### Data excerpt
++++++
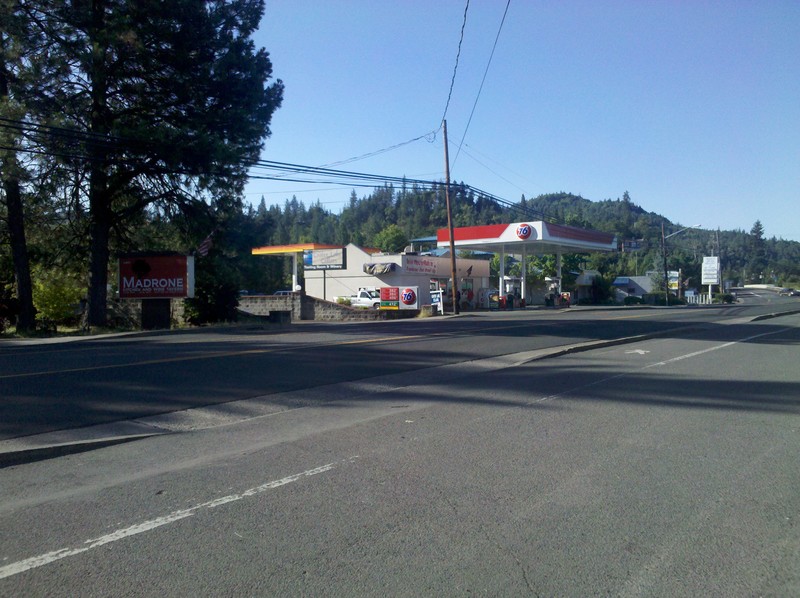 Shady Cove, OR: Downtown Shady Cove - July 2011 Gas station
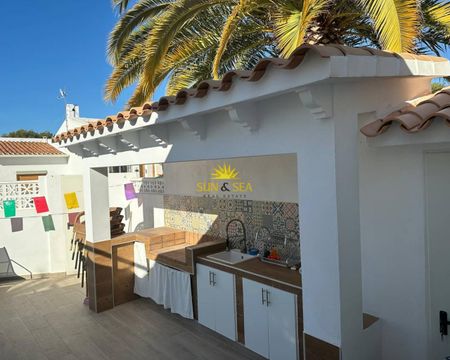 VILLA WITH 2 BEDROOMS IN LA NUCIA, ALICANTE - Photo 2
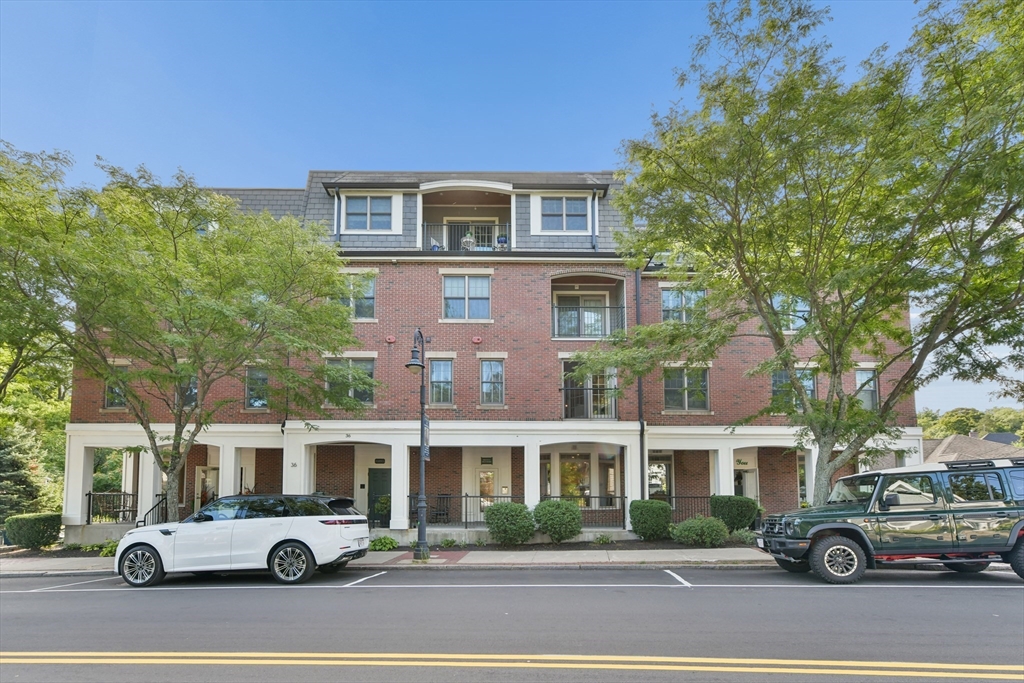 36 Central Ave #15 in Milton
++++++
### Work required
Give the listing again exactly, excluding pictures.

### Solved problem
 Shady Cove, OR: Downtown Shady Cove - July 2011 Gas station
 VILLA WITH 2 BEDROOMS IN LA NUCIA, ALICANTE - Photo 2
 36 Central Ave #15 in Milton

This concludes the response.